Data to process:
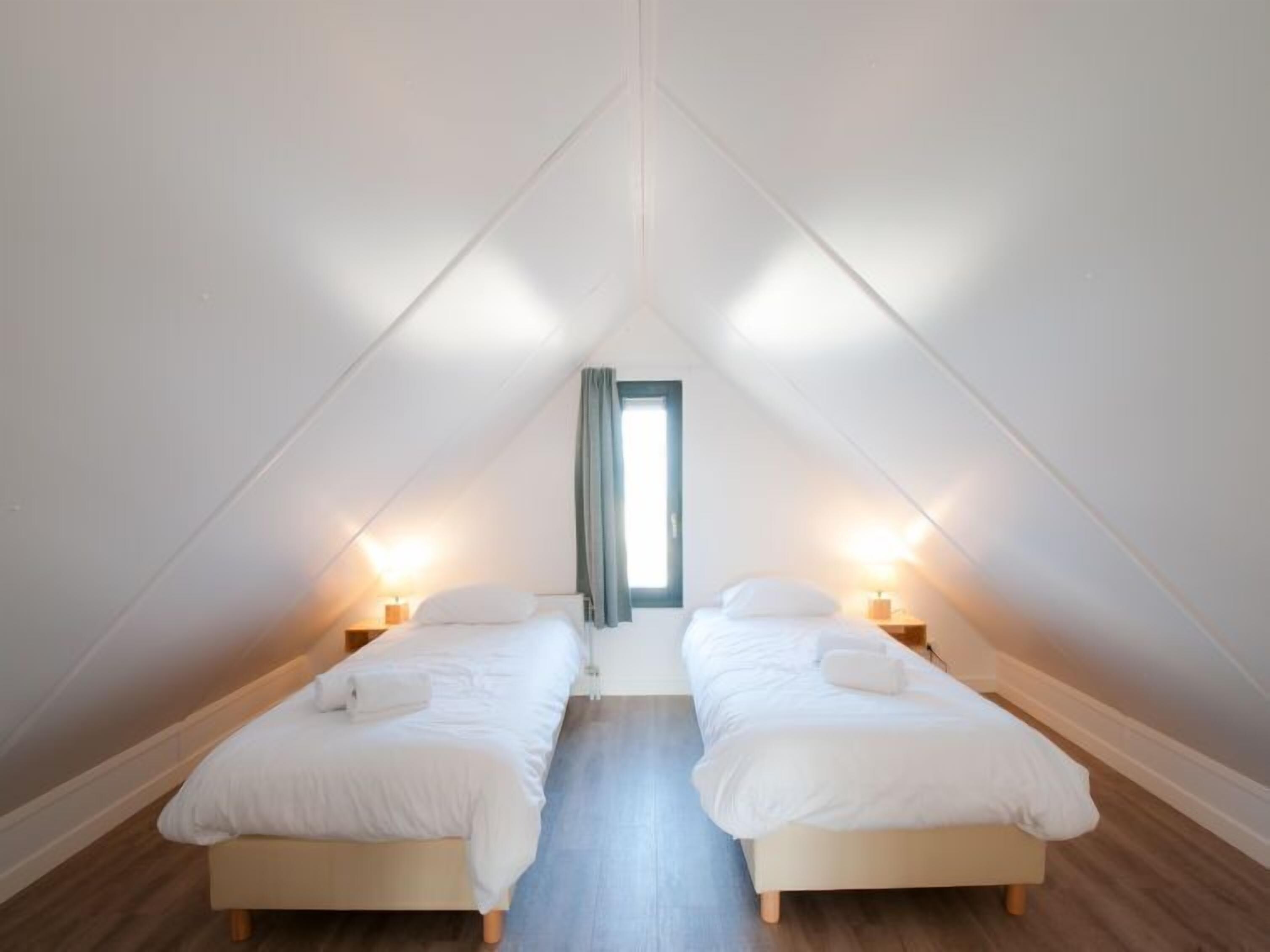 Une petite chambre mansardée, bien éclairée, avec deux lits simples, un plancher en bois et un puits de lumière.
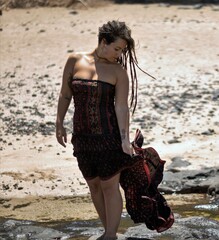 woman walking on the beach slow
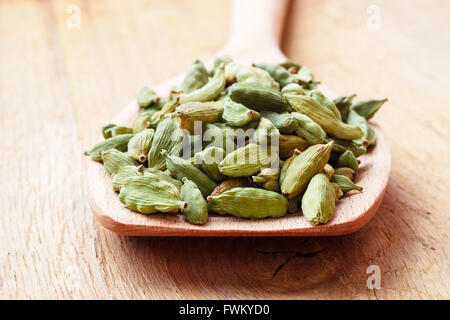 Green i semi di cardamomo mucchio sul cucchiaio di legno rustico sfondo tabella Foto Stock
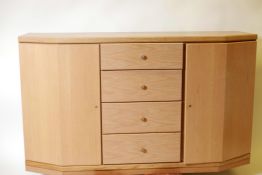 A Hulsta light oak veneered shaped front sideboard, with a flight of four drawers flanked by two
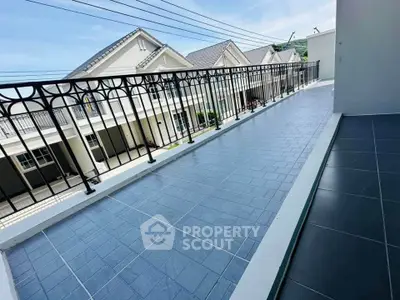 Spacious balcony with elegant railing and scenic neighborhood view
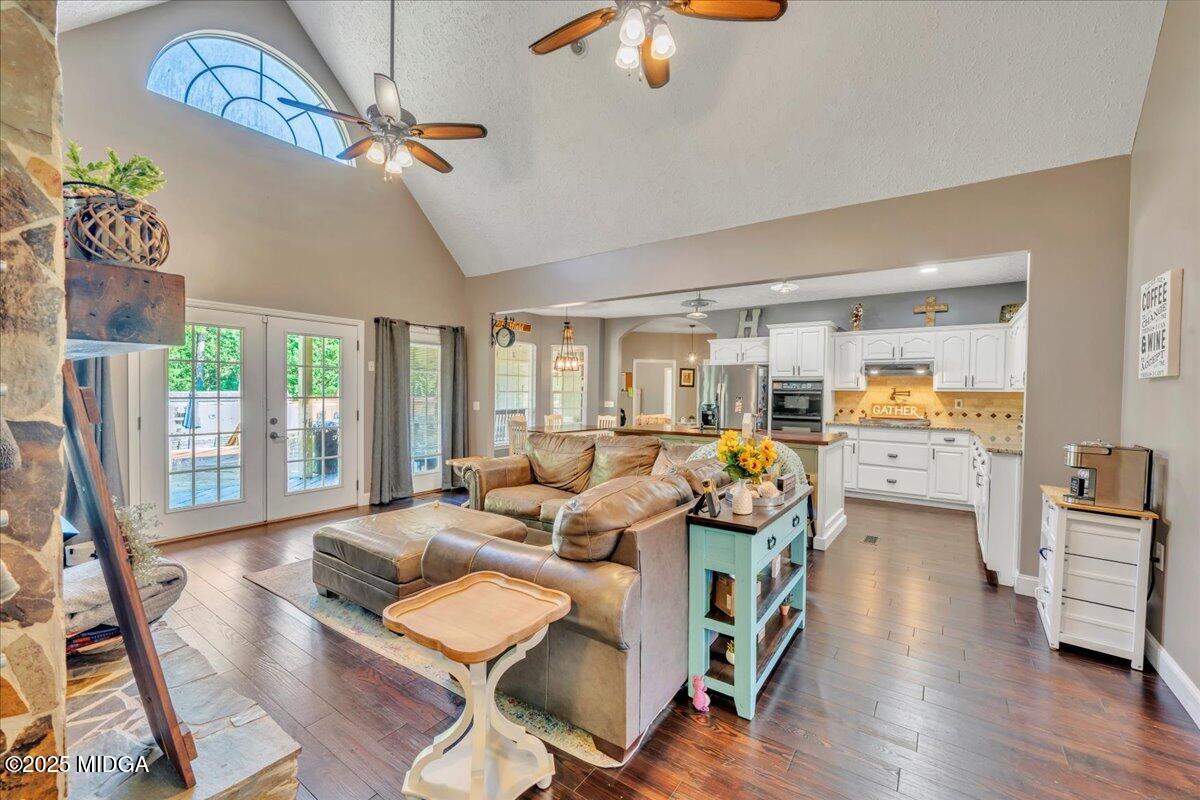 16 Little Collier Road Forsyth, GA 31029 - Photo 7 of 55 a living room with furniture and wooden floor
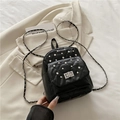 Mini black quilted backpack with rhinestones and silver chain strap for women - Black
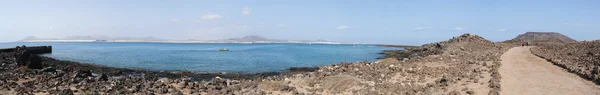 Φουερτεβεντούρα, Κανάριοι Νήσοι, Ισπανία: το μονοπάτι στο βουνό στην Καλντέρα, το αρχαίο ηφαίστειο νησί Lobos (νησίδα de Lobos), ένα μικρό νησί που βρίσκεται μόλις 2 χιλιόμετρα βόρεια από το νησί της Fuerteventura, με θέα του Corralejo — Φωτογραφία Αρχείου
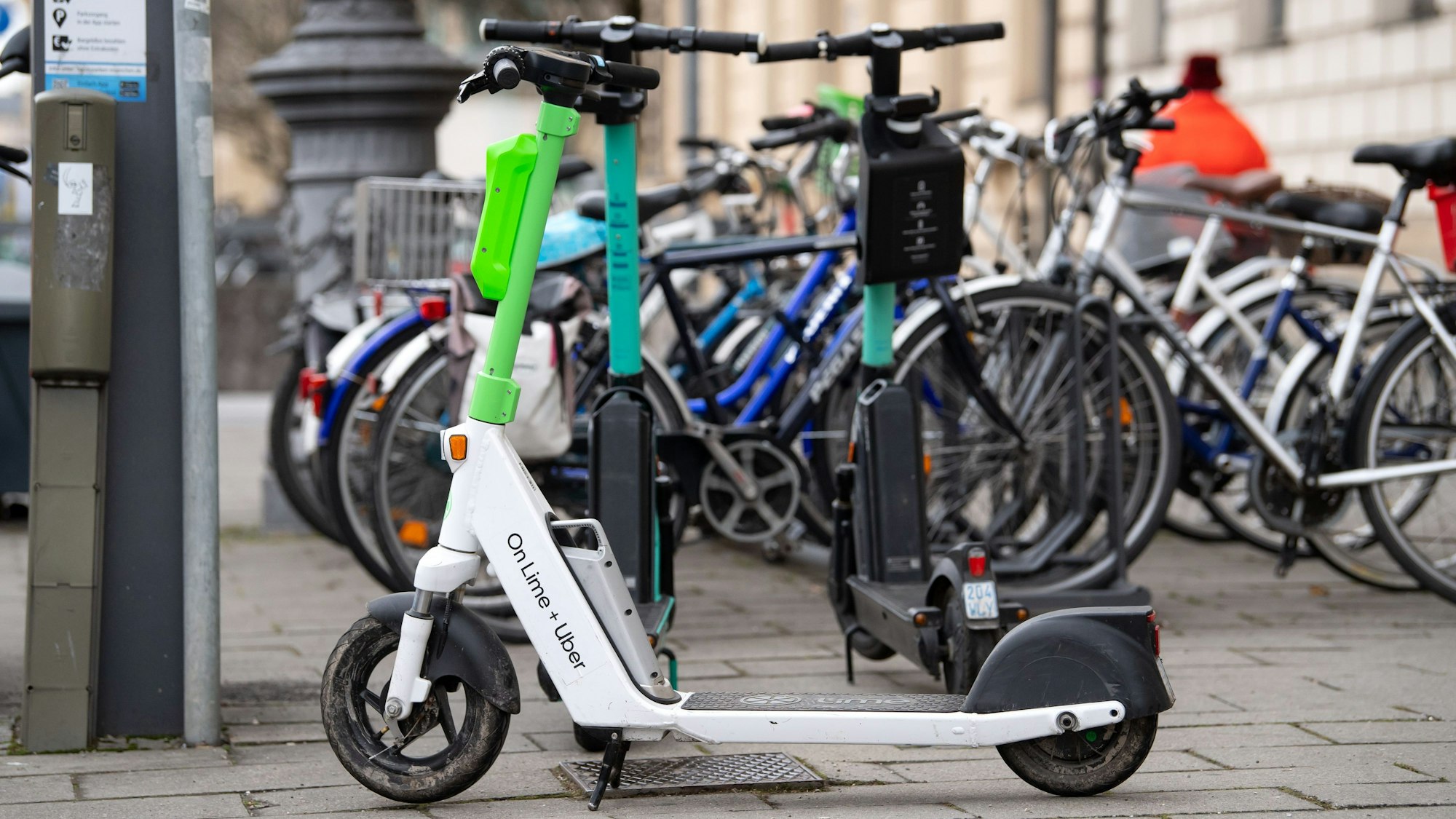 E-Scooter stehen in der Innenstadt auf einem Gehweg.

...

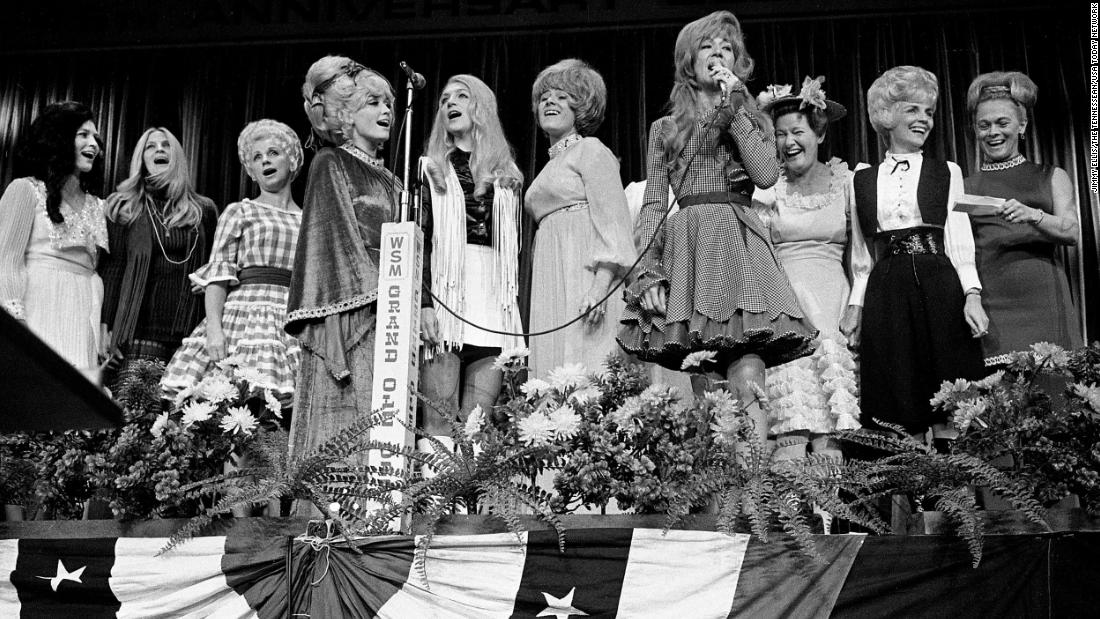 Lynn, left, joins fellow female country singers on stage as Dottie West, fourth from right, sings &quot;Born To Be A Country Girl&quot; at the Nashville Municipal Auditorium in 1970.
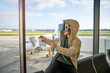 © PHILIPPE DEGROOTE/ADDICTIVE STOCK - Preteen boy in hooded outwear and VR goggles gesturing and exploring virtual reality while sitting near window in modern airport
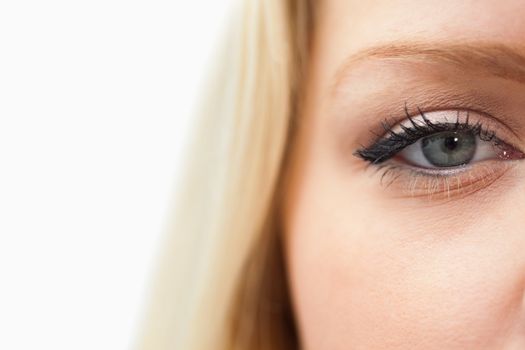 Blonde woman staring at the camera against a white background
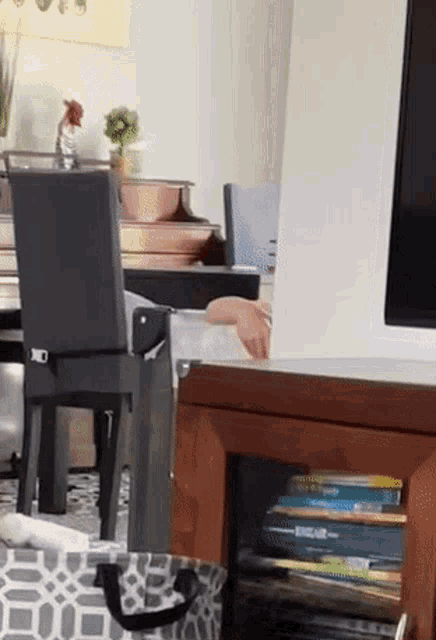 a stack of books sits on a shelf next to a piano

What you have to do:
Give again, exactly as written above, every line from the one holding "Blonde woman staring" to the one holding "a stack of books", with both ends kept and the pictures left out.

Your response:
 Blonde woman staring at the camera against a white background
 a stack of books sits on a shelf next to a piano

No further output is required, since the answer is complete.